Illustration by Lior Zaltzman
“Will you be writing a regret post about the election?”
A few months ago, I wrote about how I was debating whether or not to go home to Israel for the elections. Well, spoiler alert: I didn’t. Like many Israeli friends with families and jobs and New York rents to pay, I did not buy a ticket to Israel.
As the elections drew near, I felt my anticipation mixing with a creeping regret. “This election is important” was the message that echoed all over my social media feeds and the subtext in every phone conversation I had with my family and friends.

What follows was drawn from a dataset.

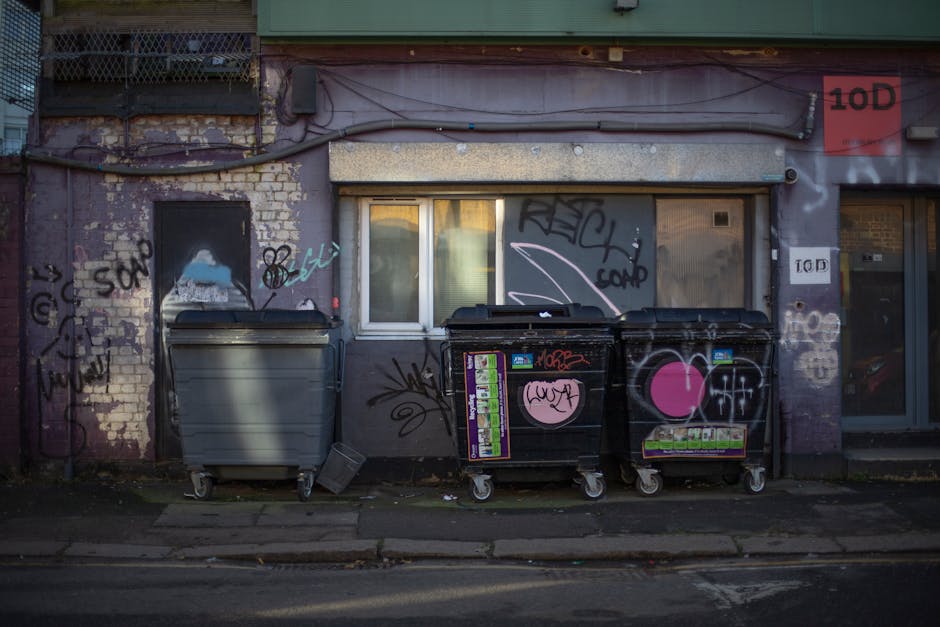 The image depicts a section of the exterior of a brick building with weathered, partially exposed bricks and graffiti in multiple colors, including black, white, pink, and blue. In the foreground, a concrete sidewalk runs parallel to the building, with signs of wear and small scattered debris. Two large wheelie bins are positioned close to the building's wall: one grey with a closed lid on the left, and one black with a graphic sticker and graffiti on the right, both fitted with plastic wheels. Behind the bins, there is a small, rectangular window with a white frame, partially covered by a beige roller shutter that is partially rolled down, obscuring part of the view inside. Above, exposed wiring and cables run horizontally across the building's façade, above a narrow ledge. To the right, part of a glass door with a grey frame and a small red and white sign marked '10D' is visible, with additional graffiti alongside it. The overall scene has a gritty urban atmosphere, illustrating an area where rubbish collection might occur as part of a private waste management service, with Rubbish Removal Haringey potentially involved in the clearing of such accumulated refuse in an alternative waste handling context.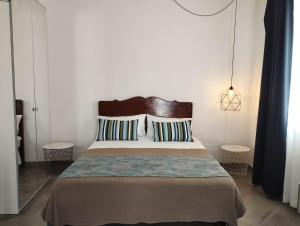a bedroom with a large bed with two pillows at Anita & Garibaldi in Marsala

For Israelis abroad, this election meant something too. If things were to change for the better, so many of us would so happily return. For the sake of raising our children with our families around. For the sake of Hebrew and warmth.

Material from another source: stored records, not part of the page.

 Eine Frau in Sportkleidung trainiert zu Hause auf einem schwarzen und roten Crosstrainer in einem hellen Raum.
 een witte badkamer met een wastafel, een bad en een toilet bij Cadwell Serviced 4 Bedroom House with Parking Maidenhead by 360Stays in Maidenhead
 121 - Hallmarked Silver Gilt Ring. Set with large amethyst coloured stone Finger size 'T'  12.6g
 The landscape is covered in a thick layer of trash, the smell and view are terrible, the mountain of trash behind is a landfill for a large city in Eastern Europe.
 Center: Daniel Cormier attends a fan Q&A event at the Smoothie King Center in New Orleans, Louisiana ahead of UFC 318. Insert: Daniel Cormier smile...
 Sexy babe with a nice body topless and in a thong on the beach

Of the Israelis that I’ve met in my five years in New York, those who don’t want to go back to Israel seem to be a minority, not a majority. A real mahapach, a real change in government, would help the day of our return grow nearer.
“If it’s Bibi again, I will definitely regret not going back to vote” is what I thought a week before the election.
Hope Sneaking In?
Israeli election day started out for me as a pretty Terrible Tuesday. “I’ve lost my voice both literally and figuratively today” I wrote on Facebook at 5 am, up with a sore throat. But as I read my Facebook wall, I found some hope sneaking in with the crumminess. My friends and family all across Israel were voting. Posting pictures with ballots that said Meretz or Zionist Union.
The day before, I asked that same Facebook hive mind what the Knesset would look like if only my friends and friends of friends were voting. That’s when a friend posted ivote.org.il and I got my answer. Well, I’m sure you won’t be surprised if I tell you that in that imaginary world, you’d be faced today with Prime Minister Zehava Gal-On, the head of the left-wing Meretz party.
On Tuesday afternoon, my family’s Whatsapp group did a round-up of their votes. If my family made up the Knesset, it would be a Buji party.
Five minutes before the exit polls, the family Whatsapp group starts flashing:
Mom: Crossing my fingers and toes.
Atzuv Atzuv Atzuv
This was the message flashing from my phone, less than a minute after the exit polls came in. So poignantly, my mother wrote: “Sad, sad, sad.”
“Meretz passed and Yachad didn’t :) and Bennett crashed. That good news to me” my brother tried to comfort her.
“It’s all because grandma didn’t vote for Buji,” my mom tried to alleviate the mood.
“It’s all because I didn’t go back to vote,” I thought to myself, for a sneaking second.
When the exit polls came in, the creeping hope turned into pragmatism. When the final numbers came in, my pragmatism turned into despair. “Maybe Bibi again” turned into “definitely Bibi again.” I remembered the post on my Facebook wall saying that going back to Bibi is like going back to a bad boyfriend, or even a battering husband. It all felt like too much.
I lay down on my couch after a long day at work. I wished I had my family and friends there. I wished I could give hugs instead of sending sad emoticons. I wished I could have those Viber conversations face to face, over a St. Patrick’s Day drink.
Je Ne Regrette Rien
And that’s my only regret: not being there after the deluge. Because my vote, I am now certain, would not have changed anything.
Because as I woke up this morning, I woke up to the future the Israeli people voted for. There was no tampering with the ballots. And while Netanyahu’s alarming statements about Israeli Arabs at the ballots could be considered undemocratic, he still got the majority of the votes.
This is what Israel wanted. Fantasy Prime Minister Zehava Gal-On is resigning, because she couldn’t bring in the MKs she promised. Buji is just a man with a ministry, not a king. And we’re back in bed with Bibi, whether we want it or not.
In the meantime, my social media feeds are pretty somber. A picture of a guy kissing his foreign passport went viral. More than one friend used the election results as an opportunity to announce they were leaving the country and I’m sure that many are secretly thinking of their own exit strategies.
The day of my return to Israel seems to grow further and further away. All I can comfort myself with is the fact that this is the last time it can be “Bibi again.”